The result was a week jam-packed with exciting activities for young people, with parents having the option of booking their children on for the whole week, or selecting the dates they were most interested in. Activities included:

  • Exploring Hadrian’s Wall with Gary, our Trail Ranger, and learning about how he looks after this World Heritage Site.
  • Spending the day at Greenlee Lough with Ranger Sally, taking part in conservation tasks and learning about the wildlife of the area.
  • Being inspired by landscape to create some nature art with the learning team.
  • Taking part in the mammal monitoring event and learning about habitats from our Ecologist Gill, as well as cleaning the mammal traps, which strangely enough was enjoyed by everyone!
  • Building bird and bat boxes with Rangers Sally and Jane.
  • Learning about navigation from our volunteer Dave and getting the opportunity to see our drone in flight with our GIS Officer Ed.

John Muir Award

The six young people who signed up for the full week were given the additional opportunity of working towards a Discovery level John Muir Award. Led by the John Muir Trust, this environmental award scheme encourages people to connect with, enjoy, and care for wild places.

The participants learned about John Muir, a naturalist and environmental activist born in 1838, and his adventures in nature. They also explored a variety of habitats in the National Park, taking part in conservation work at Greenlee Lough, and shared their experiences online in order to encourage others to look after the landscape around them.

We received really positive comments from the 9 young people who attended across the week. Their favourite activities were those at Greenlee Lough, taking part in the mammal monitoring, and building the bird and bat boxes.

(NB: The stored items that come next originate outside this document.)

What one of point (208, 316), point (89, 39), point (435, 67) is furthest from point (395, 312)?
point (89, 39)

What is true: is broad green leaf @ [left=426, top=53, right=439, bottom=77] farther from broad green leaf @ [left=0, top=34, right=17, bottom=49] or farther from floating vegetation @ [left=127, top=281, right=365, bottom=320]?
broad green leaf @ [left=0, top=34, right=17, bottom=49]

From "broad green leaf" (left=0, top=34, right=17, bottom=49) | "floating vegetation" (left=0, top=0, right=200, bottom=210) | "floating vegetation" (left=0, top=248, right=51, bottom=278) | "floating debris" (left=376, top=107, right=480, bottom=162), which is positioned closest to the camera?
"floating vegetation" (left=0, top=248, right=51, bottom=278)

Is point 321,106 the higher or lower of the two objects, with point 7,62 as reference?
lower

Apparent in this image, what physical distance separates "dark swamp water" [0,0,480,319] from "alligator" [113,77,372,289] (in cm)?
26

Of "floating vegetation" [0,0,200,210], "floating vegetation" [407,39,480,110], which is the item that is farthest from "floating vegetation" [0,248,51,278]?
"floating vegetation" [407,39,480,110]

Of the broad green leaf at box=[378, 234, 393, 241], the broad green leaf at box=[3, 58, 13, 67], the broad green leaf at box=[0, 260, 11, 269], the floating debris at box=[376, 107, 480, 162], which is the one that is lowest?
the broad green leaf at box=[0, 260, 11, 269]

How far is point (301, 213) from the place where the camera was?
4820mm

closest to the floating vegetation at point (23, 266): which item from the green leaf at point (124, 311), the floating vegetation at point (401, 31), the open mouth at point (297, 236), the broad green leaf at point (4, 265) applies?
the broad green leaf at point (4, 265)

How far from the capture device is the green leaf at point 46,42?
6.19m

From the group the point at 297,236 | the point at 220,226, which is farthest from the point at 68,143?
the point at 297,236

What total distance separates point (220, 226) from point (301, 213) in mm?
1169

One participant wrote on their evaluation form that their favourite day was at Greenlee ‘because we did lots of hands on work,’ with another writing ‘I loved seeing animals in the wild.’ One of the parents commented that ‘they really enjoyed the week, and even the weather didn’t affect their enjoyment too much!’

With such positive feedback, we are really hopeful we can run Ranger School again next year and use the experience to help us inform our thinking about how we engage young people from this age group.

The week comes to an end

Ranger School participants at The Sill: National Landscape Discovery Centre.